MANILA, Philippines - Four self-confessed pickpockets who were arrested before dawn yesterday showed members of the Quezon City Police District (QCPD) how they choose their victims and the way they operate.
“Don’t be unaware of your surroundings,” Jerome Sazan, 25, said when he and his fellow pickpockets Joseph Matira, 39; Ronald Sazan, 39; and Joel Tanyes, 28, demonstrated their technique by taking a cell phone from the pocket of QCPD director Senior Superintendent Richard Albano.
Jerome said that when they board a public utility bus, they look for passengers who appear stupid and clueless.
One way to foil pickpockets like them, he claimed, is for passengers to rest their hands on their pockets or wherever their valuables are placed.
According to Albano, the four were arrested in front of the Farmers Plaza before dawn yesterday. He said the arrested suspects call their operation “bordo” – a Waray term for “dukot” or pickpocket.
Superintendent Ronnie Montejo, commander of the QCPD Station 7, said the four men were caught after police officers noticed a man shouting for help when he noticed that his cell phone and P1,800 were missing. The items were recovered from Jerome and his group.
Jerome bragged that they did not need any weapon to operate – only teamwork, quick hands and an eye for an unsuspecting passenger. He added that they did not need training, but just learned from each hit.
Albano was amazed at how the group worked, saying he did not notice that his phone was being picked from his pocket when he tested the pickpockets’ abilities.
WORKING UNDER A SYSTEM
QCPD deputy director for administration Senior Superintendent Joel Pagdilao said the group follows the Fairview to Cubao route, going back and forth and boarding and getting off buses for every hit.

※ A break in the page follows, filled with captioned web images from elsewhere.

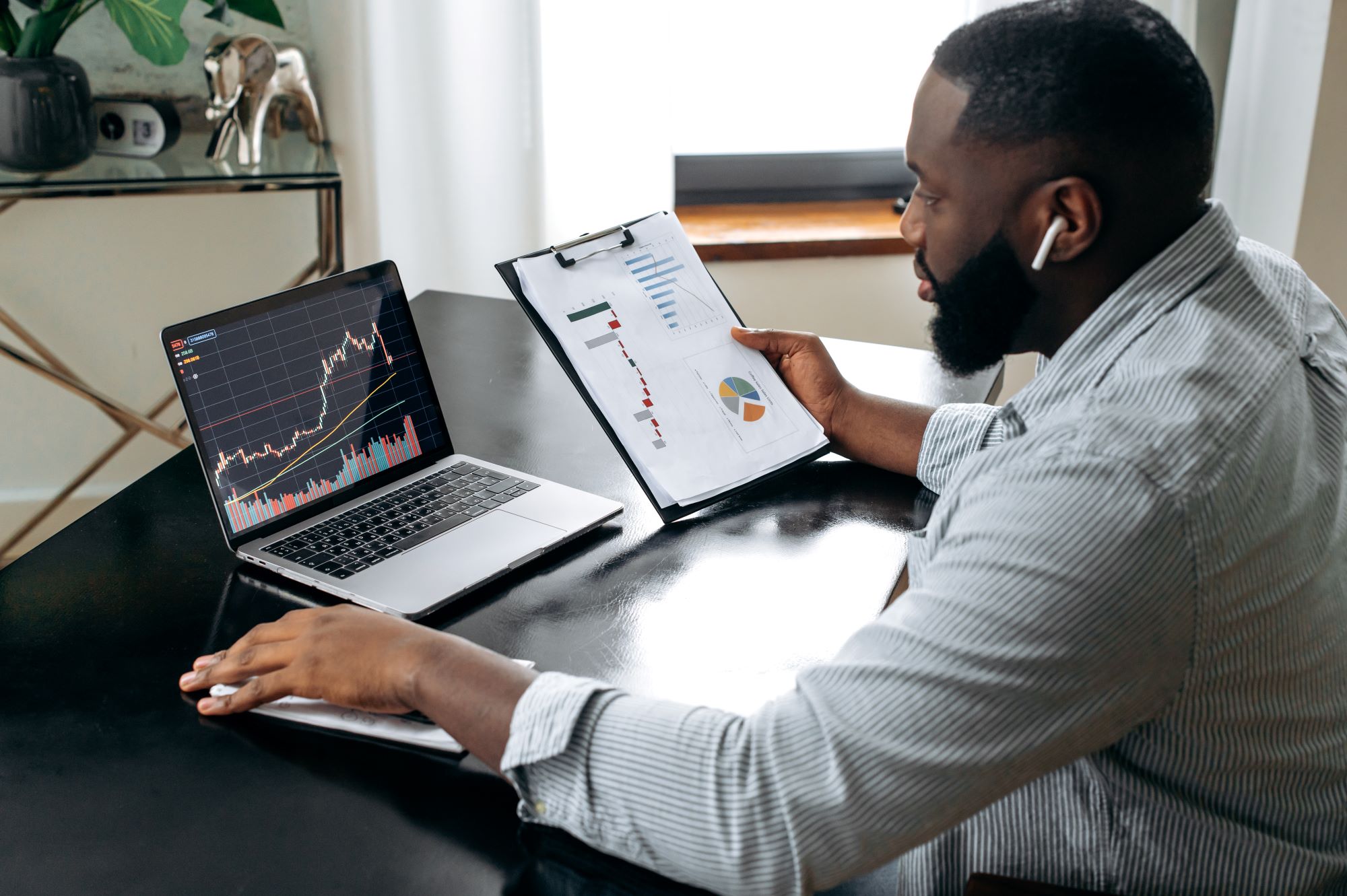 young black man checking a stocks age on their laptop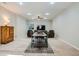 Large living area with a ceiling fan, comfortable seating, a table, and ample lighting at 10526 Fairhurst Way, Highlands Ranch, CO 80126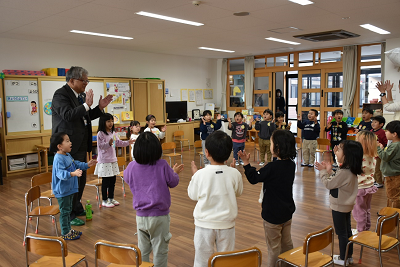 男性と園児達が輪になって手を叩いている写真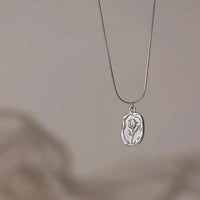 Stainless steel embossed tulip coin pendant necklace on flat snake chain in gold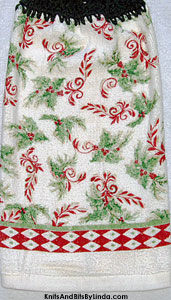 bunches of holly leaves on Christmas hand towel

According to Albano, two of the four men would sandwich a prospective victim.
“They would distract the victim, usually someone who is so relaxed while onboard the bus. The two would bump or shove the victim amid the jam-packed bus,” Albano said during a press conference.

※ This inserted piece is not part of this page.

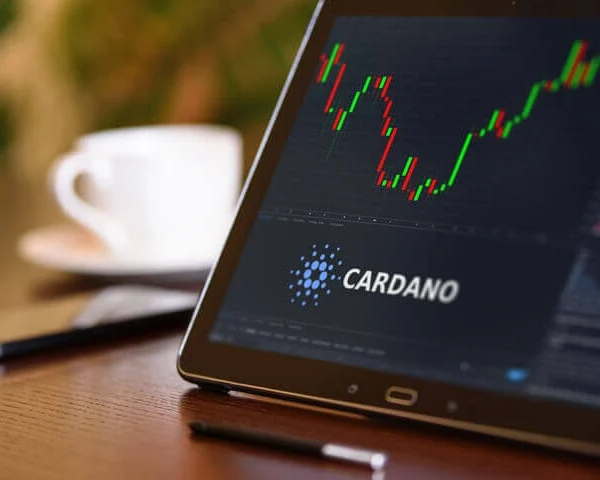 a smart phone on a table showing the stock chart or cardano. a coffee cup in the background on the table.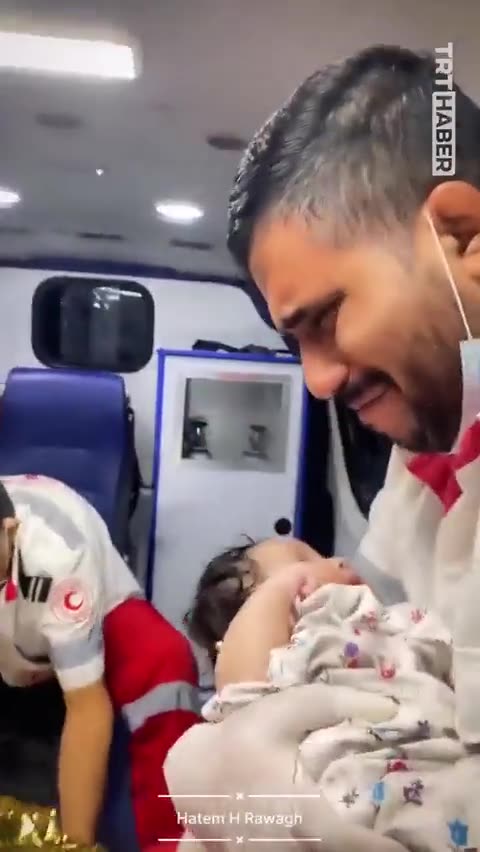 Gaza Emergency Worker Breaks Down in Tears Cradling a Baby in an Ambulance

Albano said a third man would steal the item from the unsuspecting victim while the fourth would act as the lookout.
Pagdilao said the suspects have a secret code to tell that the theft had been consummated.

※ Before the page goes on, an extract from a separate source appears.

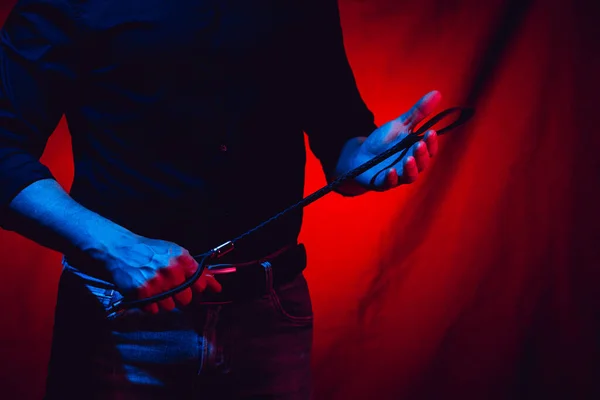 Kırmızı arka planda kırbaç tutan seksi bir adam.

When the suspects demonstrated their modus yesterday, it was apparent that the item could be stolen in mere seconds. And once the cell phone was already in his hands, Jerome blurted: “Pa-ge!”
“It means give way,” he said, telling the others to let the victim go.
Jerome claimed they were not always as ruthless, saying they sometimes gave back the stolen item if the victim made a scene upon discovering the theft.
Albano said the arrested men disclosed there were six other groups employing a similar method in the city.